Ce pouvoir de création et d’organisation, cette influence vivifiante, cette force motrice, Platon ne les attribue plus au feu central ; il en fait l’apanage de l’Âme du Monde (ψυχή).

« Le Monde, en effet[1], a été en vérité engendré par la Providence divine sous forme d’un être vivant doué d’âme et d’intelligence (ζῷον ἔμψυχον ἔννουν). »

En ce point, d’ailleurs, comme en beaucoup d’autres, il se contentait, sans doute de suivre l’exemple des Pythagoriciens les plus jeunes.

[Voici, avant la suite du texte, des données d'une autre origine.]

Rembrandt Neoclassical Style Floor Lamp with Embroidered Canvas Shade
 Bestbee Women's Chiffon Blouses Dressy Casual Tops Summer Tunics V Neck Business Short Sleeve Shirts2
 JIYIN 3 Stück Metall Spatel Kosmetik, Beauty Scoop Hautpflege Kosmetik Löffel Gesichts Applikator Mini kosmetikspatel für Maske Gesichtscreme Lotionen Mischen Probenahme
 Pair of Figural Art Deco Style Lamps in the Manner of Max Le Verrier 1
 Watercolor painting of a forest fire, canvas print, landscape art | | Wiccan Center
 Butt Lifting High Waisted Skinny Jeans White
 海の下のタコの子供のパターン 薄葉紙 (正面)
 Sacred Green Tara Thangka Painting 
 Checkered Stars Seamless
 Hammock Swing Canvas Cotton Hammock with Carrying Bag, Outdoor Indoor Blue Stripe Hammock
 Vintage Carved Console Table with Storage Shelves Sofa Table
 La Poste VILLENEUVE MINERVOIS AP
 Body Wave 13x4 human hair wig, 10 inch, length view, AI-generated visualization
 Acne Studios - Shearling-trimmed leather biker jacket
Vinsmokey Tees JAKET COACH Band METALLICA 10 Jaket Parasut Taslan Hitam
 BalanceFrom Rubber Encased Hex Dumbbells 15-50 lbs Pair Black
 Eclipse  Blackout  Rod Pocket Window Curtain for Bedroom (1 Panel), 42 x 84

Simplicius nous a enseigné[2] qu’Archytas de Parente admettait déjà une Âme du Monde dont le mouvement interne engendrait et réglait le mouvement universel de la Nature et, par là, tous les mouvements particuliers.

Or, cette Âme, à laquelle il confie toutes les fonctions que les Pythagoriciens attribuaient au feu, Platon la dispose dans le Monde comme les successeurs de Philolaüs distribuaient le feu. « Dieu a mis l’Âme au milieu du Monde[3] ; de là, il l’a étendue dans l’Univers entier et, en outre, il l’a placée hors du corps du Monde, alentour de ce corps. »

Après avoir suivi de près, en sa description de l’Âme du Monde, les doctrines des Pythagoriciens postérieurs à Philolaüs, faut-il croire que Platon ait poussé plus loin et qu’il ait été tenté de se rapprocher des idées mêmes de Philolaüs ? Nous le devons admettre si nous voulons nous fier au témoignage de Plutarque ; et ce témoignage paraît ici d’autant plus digne de foi qu’il invoque la très grande autorité de Théophraste.

Plutarque nous dit en effet, en ses Questions platoniques[4] : « Théophraste raconte que Platon, parvenu à la vieillesse, s’était repenti d’avoir attribué à la Terre la place centrale de l’Univers qui n’était pas pour elle la place convenable ».

  1. Platon, Timée, 30 ; éd. cit, p. 205.
  2. Voir p, 81.
  3. Platon, Timée, 34 ; éd. cit., p. 207. Cette analogie entre le feu central des Néo-pythagoriciens et l’Âme du Monde enseignée par Platon a, depuis longtemps été mise en évidence par Bœckh (A. Bœck, De Platonico systemate caelestium globorum et de vera indole astronomiae Philolaicae ; Heidelberg, 1810 — August Bœckhs Gesammette kleine Schriften, Bd. III, p. 287.)
  4. Plutarque, Platonicœ quœstiones, VIII.